Think of a quest where you can make the choices and they would affect the outcome of a quest, for example:
You're given a quest to obtain something from an NPC. There are three ways to do it.
1) Kill him and loot it.
2) Steal it from him (or hire a thief NPC to do so).
3) Initiate a conversation with him and offer something else for the item, then go off looking for it elsewhere and so forth till you get it.
4) Same as #3, except as an escort quest.
5) Instigate a bar fight that "accidentally" kills the NPC so you can loot it.
Depending on the choice you make, the quest reward could be different, or the questgiver may even turn on you for choosing a method it disapproves. Perhaps there can also be some sort of reputation penalty(or gain) for the different choices.
Alliance guide to Hallowed be Thy Name:
http://wow.magelo.com/forum/messages.jspa?topic=7306
The game creators should make quests that impact the world around you, or actually help some npcs within the game. Like for example, there was this quest in FFXI where there is a lost boy in the middle of town. When you talk to the boy he tells you that he was with his dad, and was wondering if you can assist him in bringing them back together.
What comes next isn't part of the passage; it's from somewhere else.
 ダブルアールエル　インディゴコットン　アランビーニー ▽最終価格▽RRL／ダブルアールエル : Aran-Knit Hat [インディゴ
This was one of my favorite quests because it actually felt like, a quest! Heres another example, again in FFXi there was another quest where you have to go find the past kings tomb of the town called San d'Oria and find out who has been grave digging the tomb. Once you get to where the tomb is and analyze it, a cutscene plays and unravels a story that immerses you into the game even more. The quests in FFXI actually made me feel like a knight or a hero within the games world. Whenever I play games that have those quests that say "go kill x and retrieve y and bring it back so i can give you this piece of armor", it really destroys the immersion I had before I got that quest. Not to sound like a bias fanboy, but I honestly will say if I was designing a game and were in charge of making quests. I would do exactly what Square-enix did with the quests in FFXI.
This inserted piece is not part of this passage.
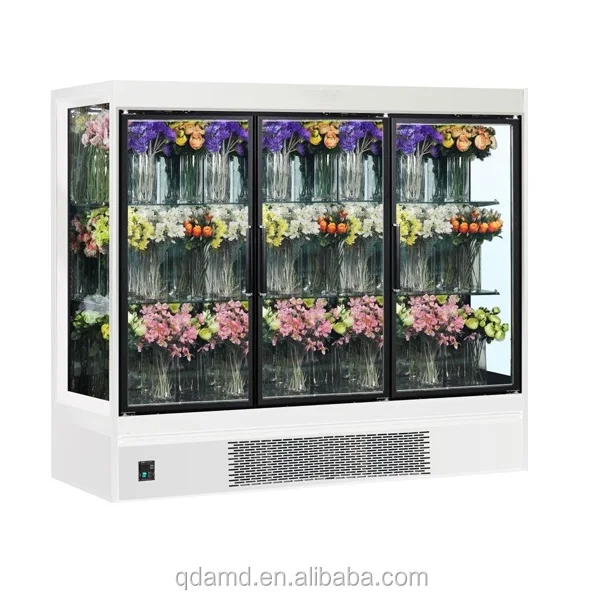 Three Side Glass Door Upright Flower Display Chiller Flower Fridge Florist Shop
Fed Ex quests are annoying because they seem to be the most used quest. I think in most games its like 9/10 quests are 'Kill these 5 Blehs' or 'Get me 10 bear teeth'. What makes them really annoying is the collect me 10 teeth ones, where you end up having to kill 37 bears to get 10 freaking teeth.
Once in a while you get that really neat story driven quest. These quests are what people such as myself enjoy. Seeing as many people have played WoW ill use an example from there.
The Missing Diplomat
Its a long quest chain that has you doing pretty much everything from being a detective to being a messenger. At the end there is a small epic feeling finish.
Quests should reward you with the feeling of "I did something cool", not just some useless item and a bit of gold.
There are 3 types of people in the world.
1.) Those who make things happen
2.) Those who watch things happen
3.) And those who wonder "What the %#*& just happened?!"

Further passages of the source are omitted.